- Work instruction -
Output what the records say, word for word, with no images.

- Data items -

■ ■ ■ ■

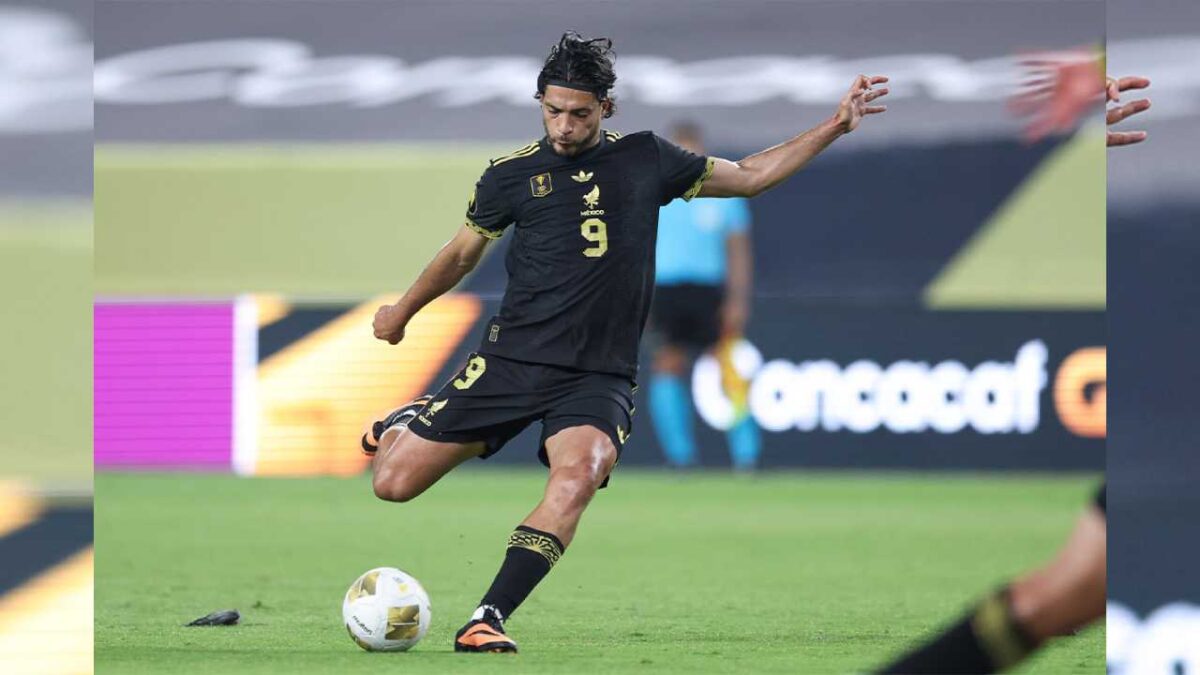 México vs Honduras.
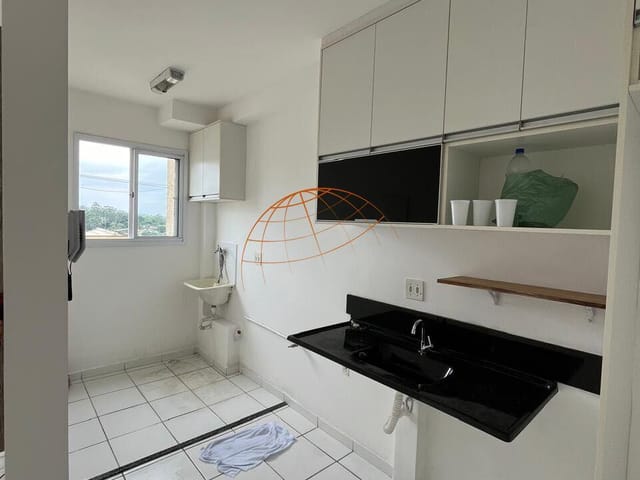 Apartamento 2 quartos e 1 banheiro, à venda, no bairro Jardim Nova Coimbra em Cotia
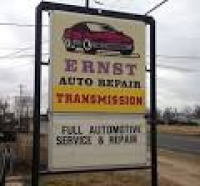 Auto Repair Shop San Angelo, TX | Vehicle Repair Service | Ernst ...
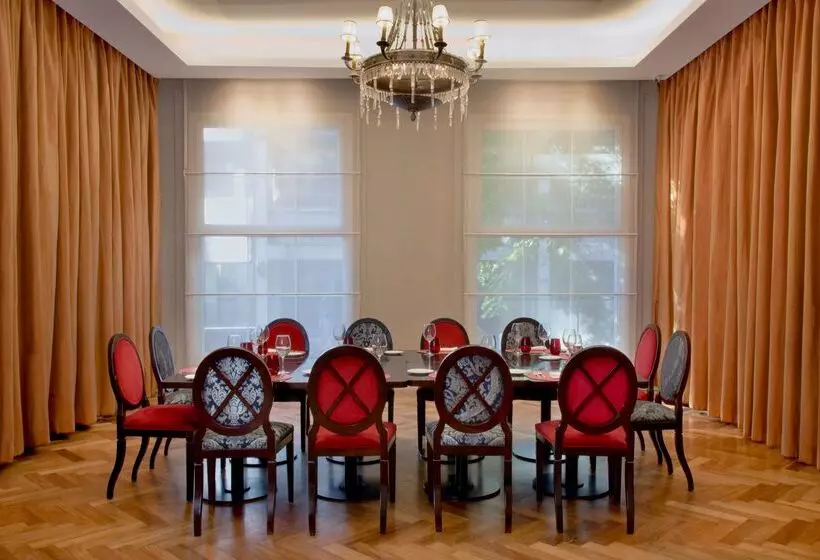 هتل NH Collection Buenos Aires Lancaster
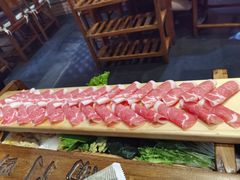 -南门四季铜锅涮肉(左家庄店)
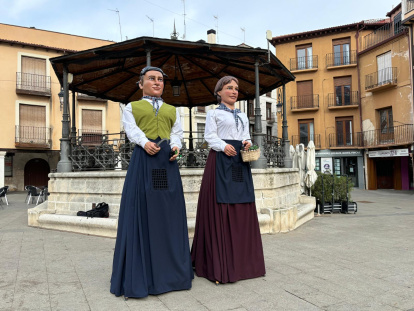 Nuevos gigantes de Aranda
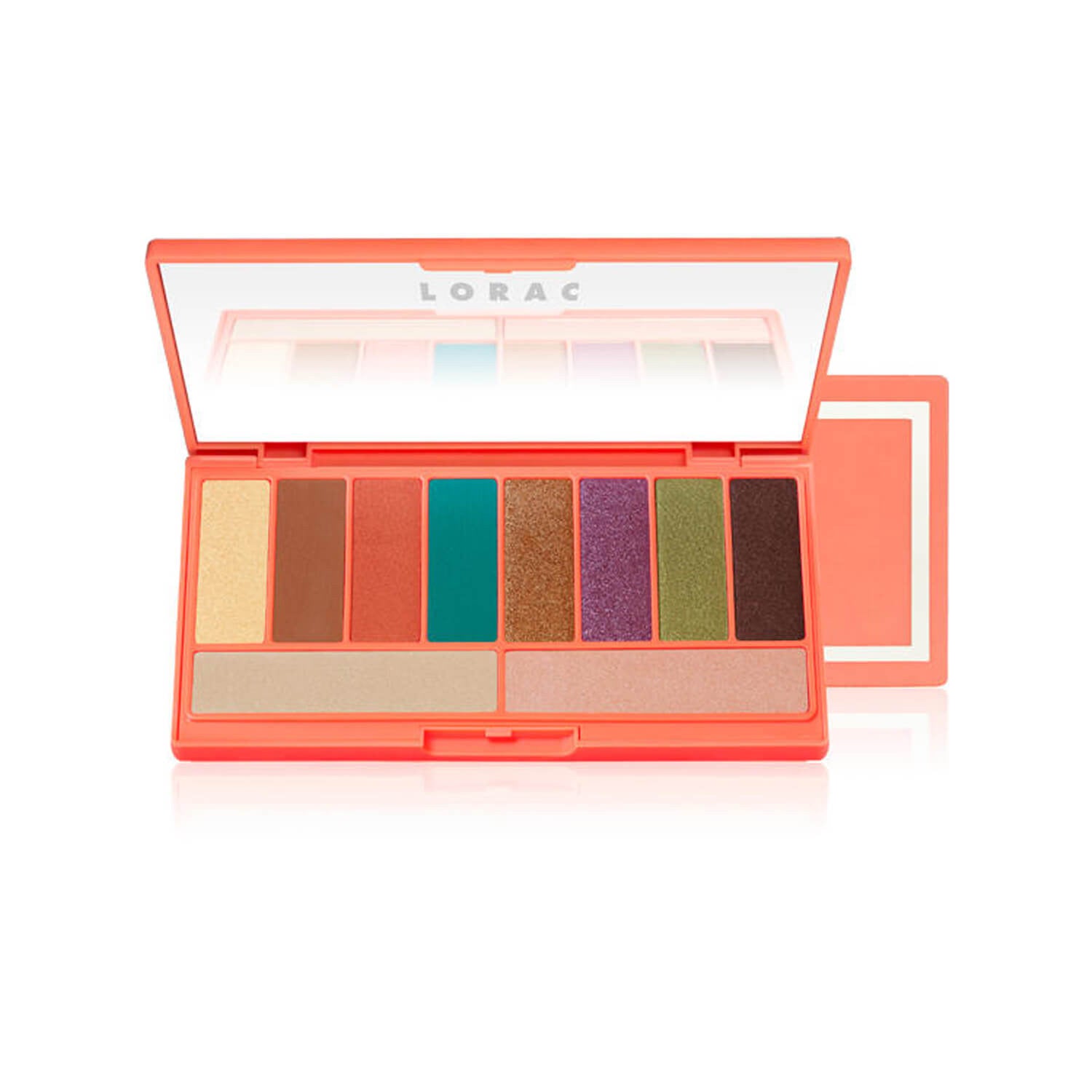 Lorac Alter Ego Dream Girl Palette open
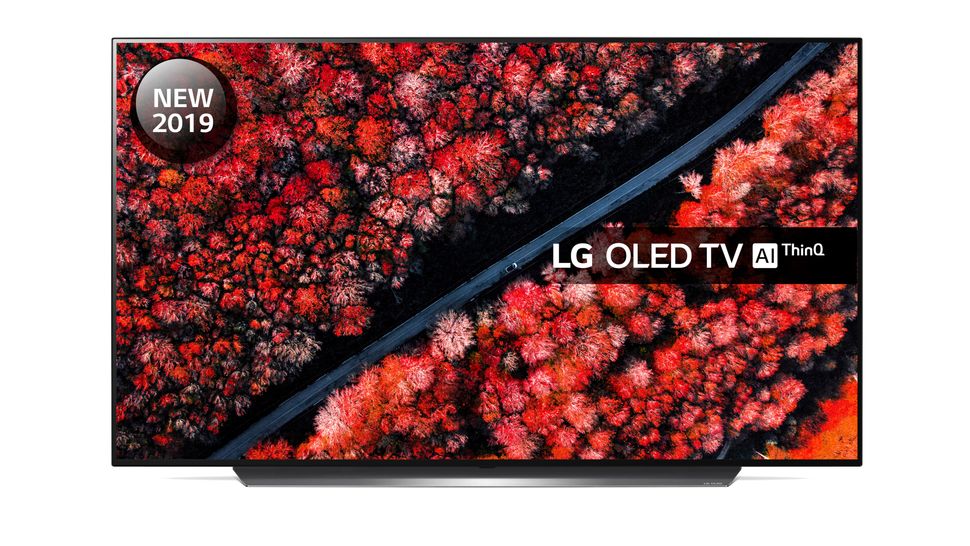 LG C9 OLED (OLED55C9, OLED65C9, OLED77C9) review TechRadar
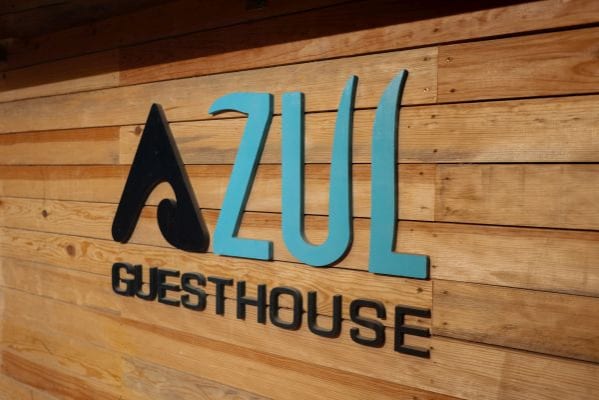 Azul Guesthouse (Tamraght, Morocco)
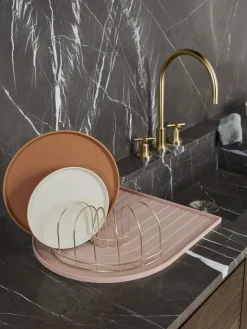 Alfombrilla escurreplatos Dish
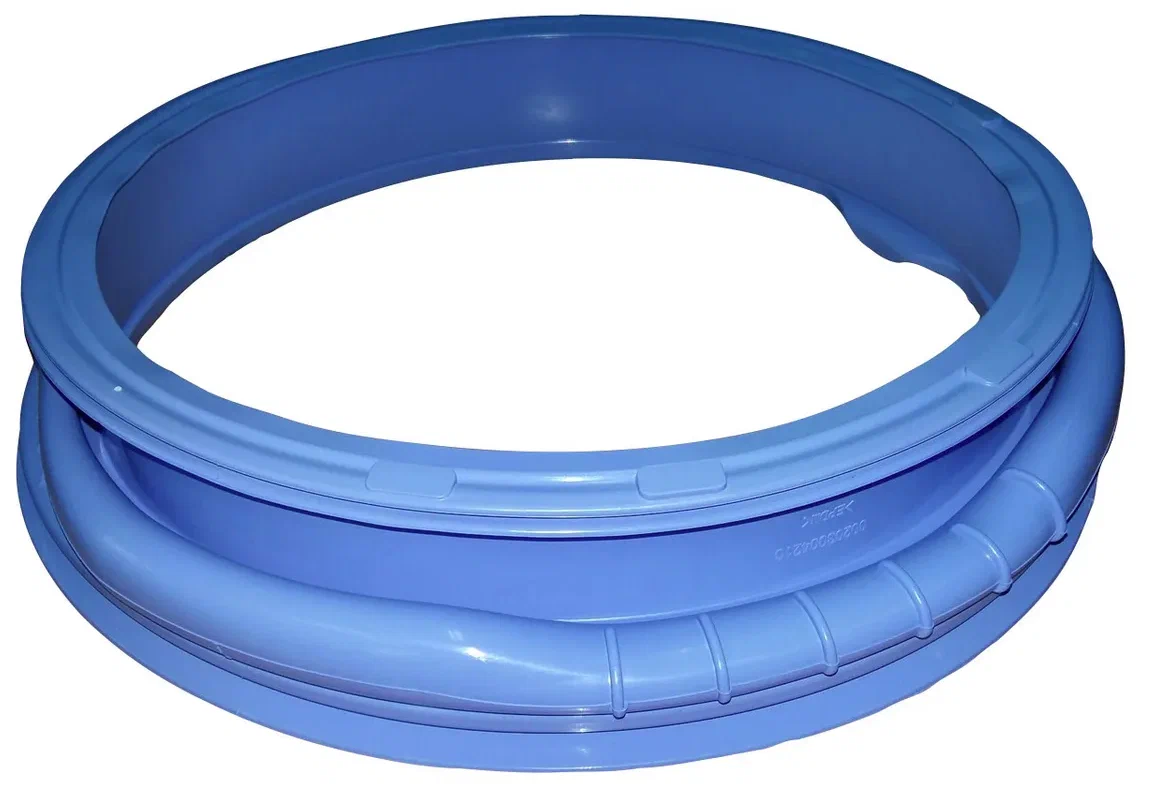 Gasket for the doors of the HAIER,CANDY,LERAN washing machines Skalbimo mašinų durų tarpinės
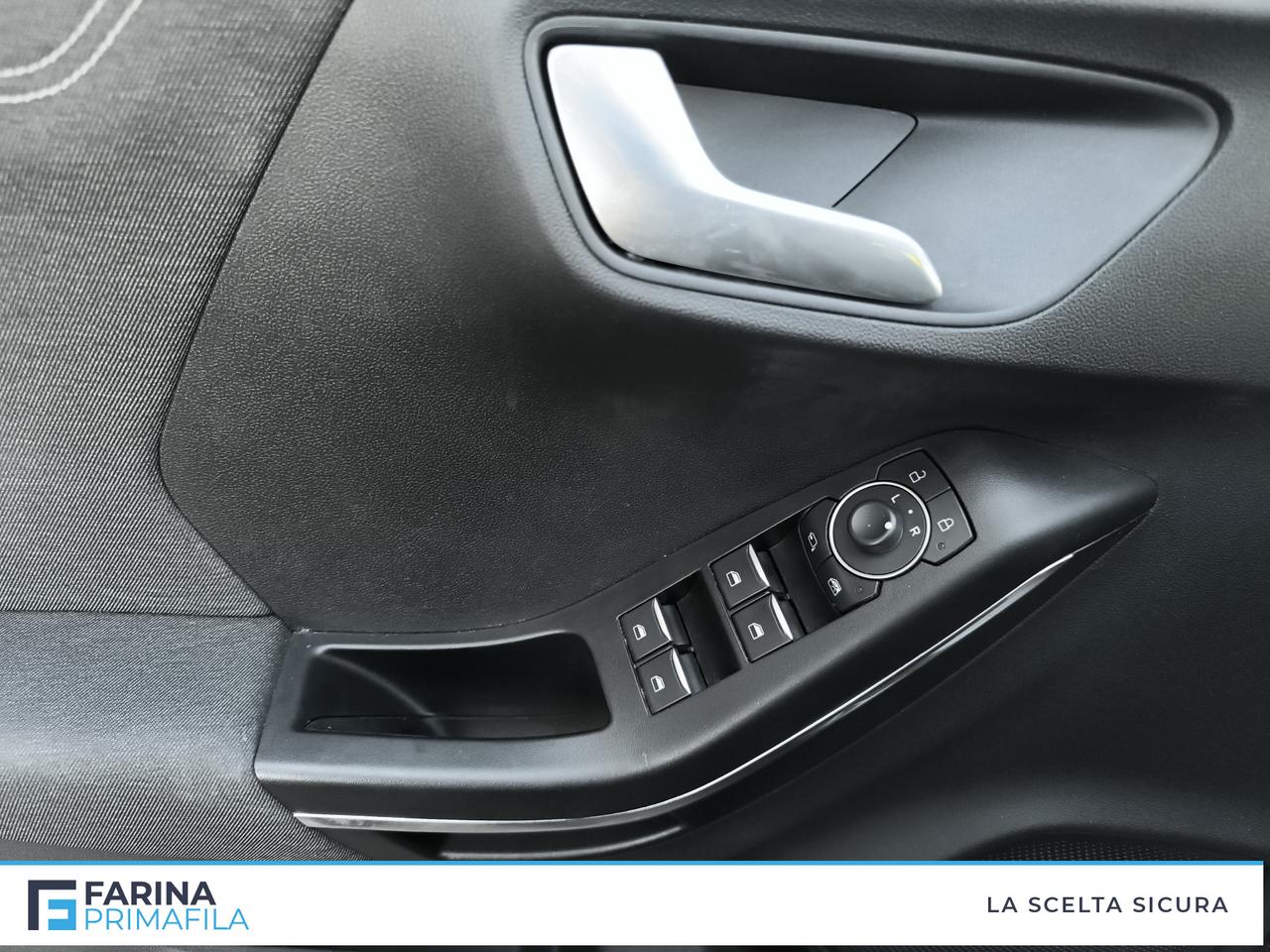 FORD Puma II 2020 - Puma 1.0 ecoboost hybrid Titanium s&s 125cv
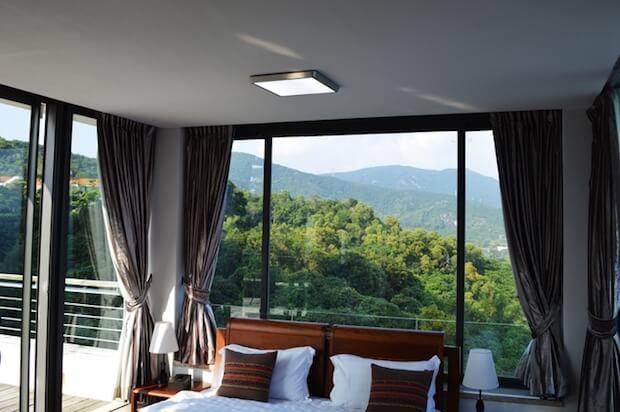 KNBOR Smart Lamp - die intelligente Deckenlampe KNBOR Smart Lamp - die intelligente Deckenlampe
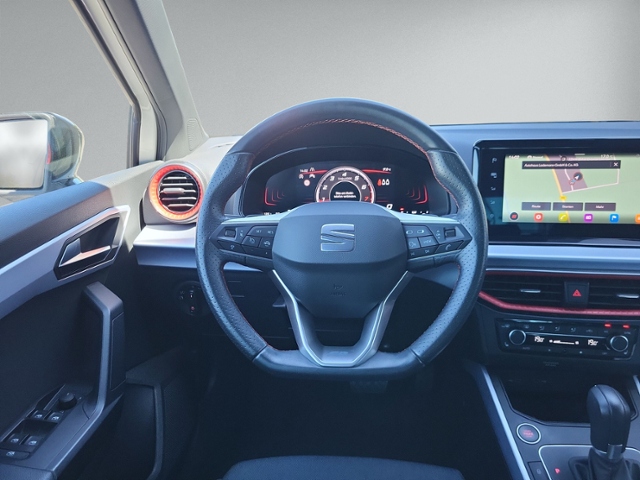 Arona 1.0 TSI FR LED+NAVI+KAMERA+ACC+SITZHEIZUNG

■ ■ ■ ■

- Answer to this problem -
 México vs Honduras.
 Apartamento 2 quartos e 1 banheiro, à venda, no bairro Jardim Nova Coimbra em Cotia
 Auto Repair Shop San Angelo, TX | Vehicle Repair Service | Ernst ...
 هتل NH Collection Buenos Aires Lancaster
 -南门四季铜锅涮肉(左家庄店)
 Nuevos gigantes de Aranda
 Lorac Alter Ego Dream Girl Palette open
 LG C9 OLED (OLED55C9, OLED65C9, OLED77C9) review TechRadar
 Azul Guesthouse (Tamraght, Morocco)
 Alfombrilla escurreplatos Dish
 Gasket for the doors of the HAIER,CANDY,LERAN washing machines Skalbimo mašinų durų tarpinės
 FORD Puma II 2020 - Puma 1.0 ecoboost hybrid Titanium s&s 125cv
 KNBOR Smart Lamp - die intelligente Deckenlampe KNBOR Smart Lamp - die intelligente Deckenlampe
 Arona 1.0 TSI FR LED+NAVI+KAMERA+ACC+SITZHEIZUNG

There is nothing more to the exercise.